↓

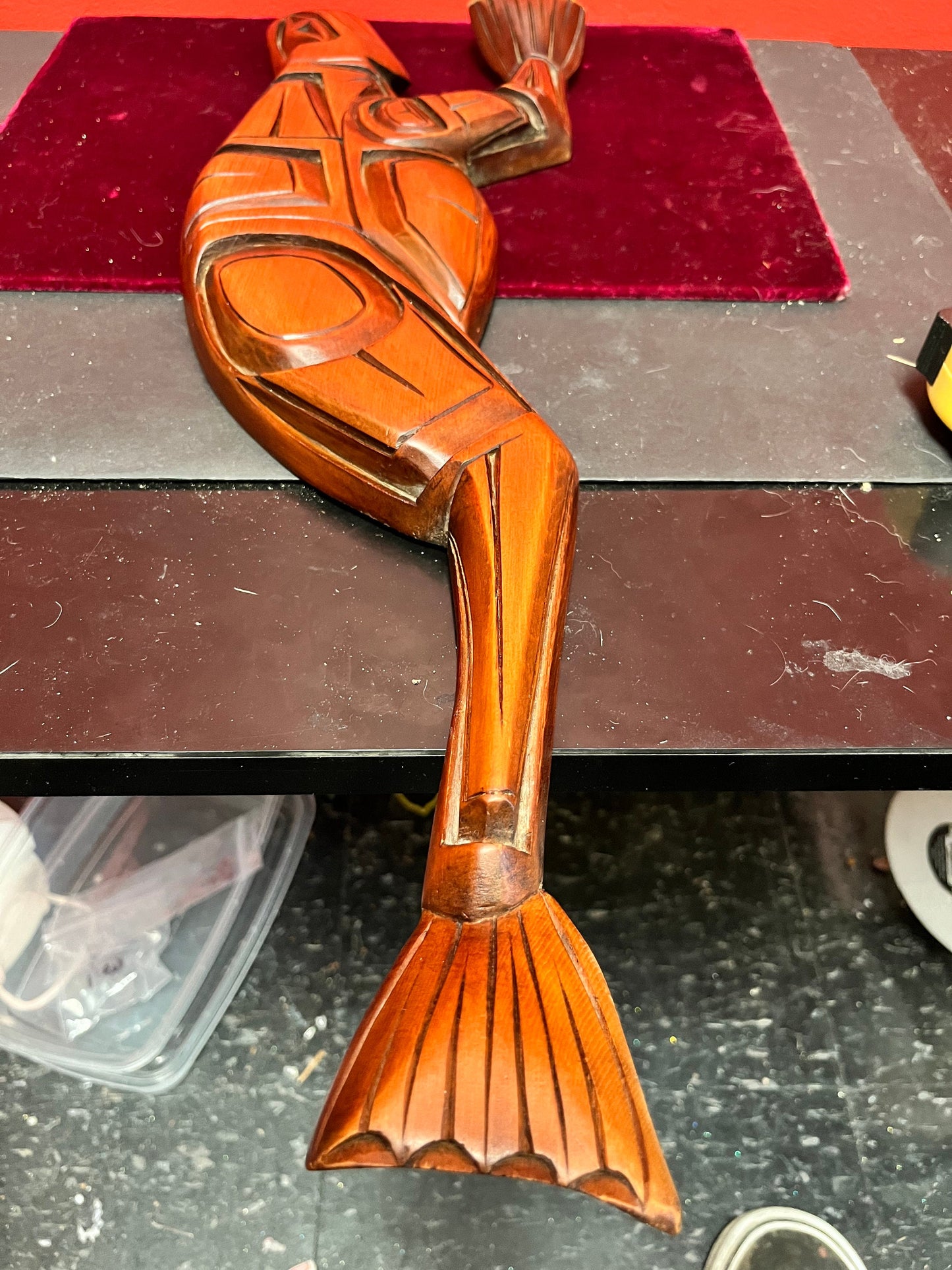 21 inch indigenous first nations pacific northwest coast signed frog man carving  great detail  wow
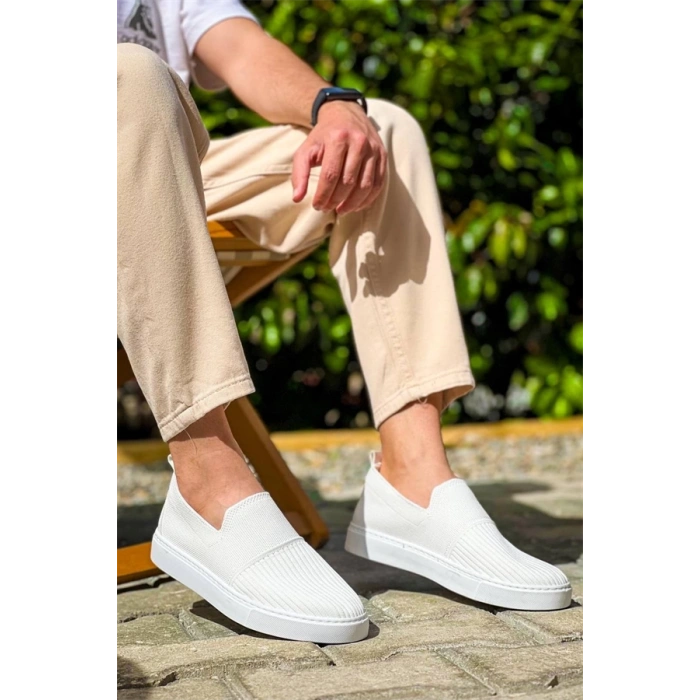 Kb-114  Kuback Beyaz Triko Yüksek Taban Bağcıksız Günlük Erkek Ayakkabı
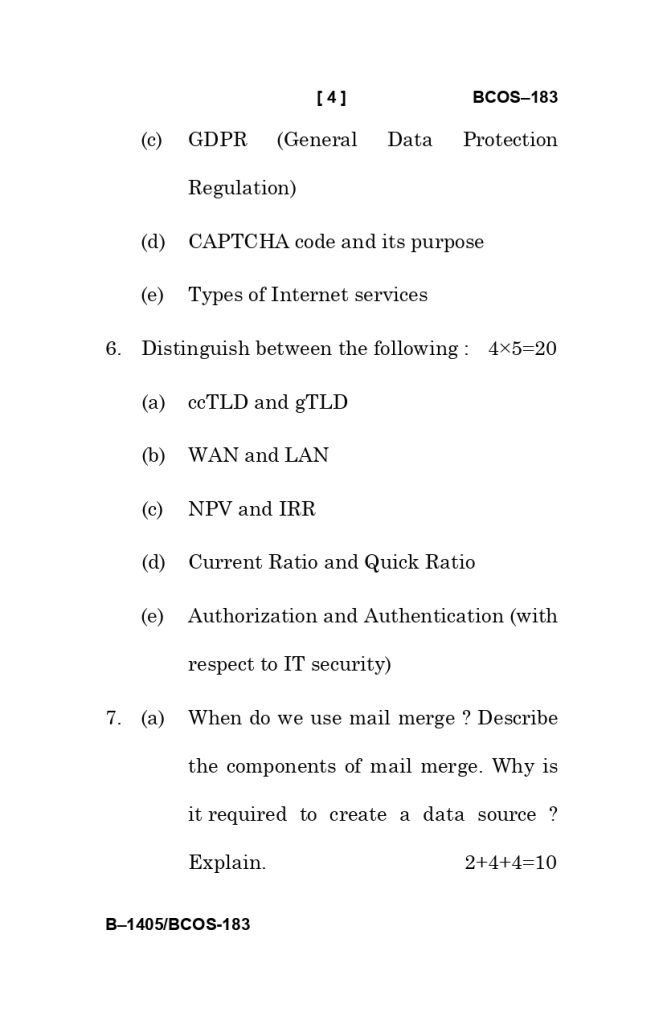 BCOS 183 Question paper june 2025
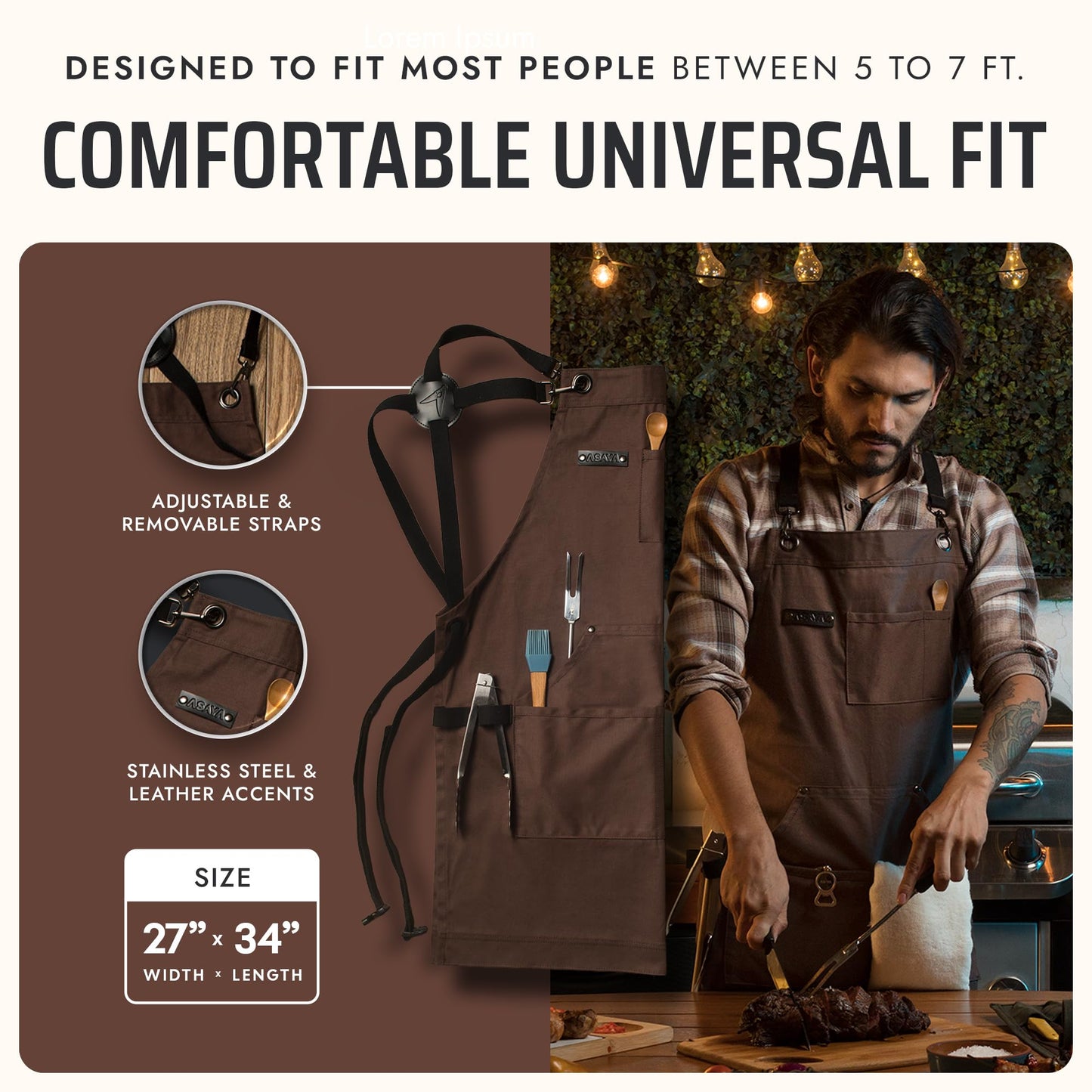 Asaya Chef & BBQ Apron with Pockets - Cross Back Canvas Cooking Apron for Women and Men, Adjustable Work & Grilling Aprons with Pocket, Bottle Opener and Hand Towel, 10oz Cotton Canvas (Brown)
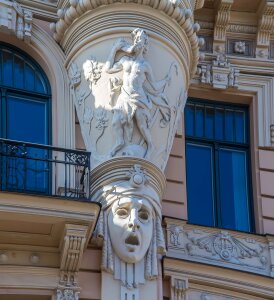 Art nouveau riga old town historic center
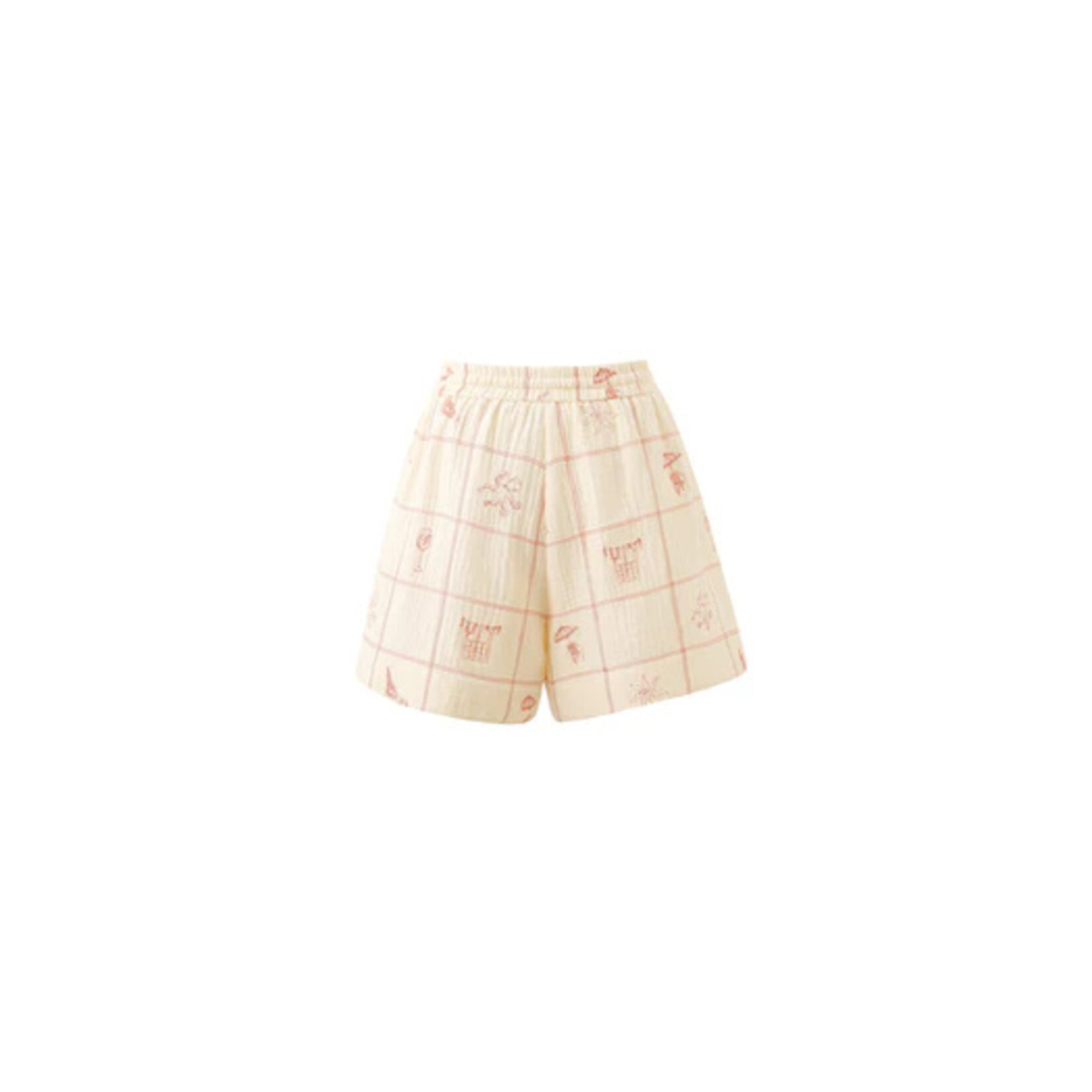 FRNCH FRNCH zomerpak katoen short LORENZO koraal/creme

↑

Brief -
With the pictures left out, restate word for word every line of the data above, from the first down to the line that contains "BCOS 183 Question paper june 2025".

Solution for this task -
 21 inch indigenous first nations pacific northwest coast signed frog man carving  great detail  wow
 Kb-114  Kuback Beyaz Triko Yüksek Taban Bağcıksız Günlük Erkek Ayakkabı
 BCOS 183 Question paper june 2025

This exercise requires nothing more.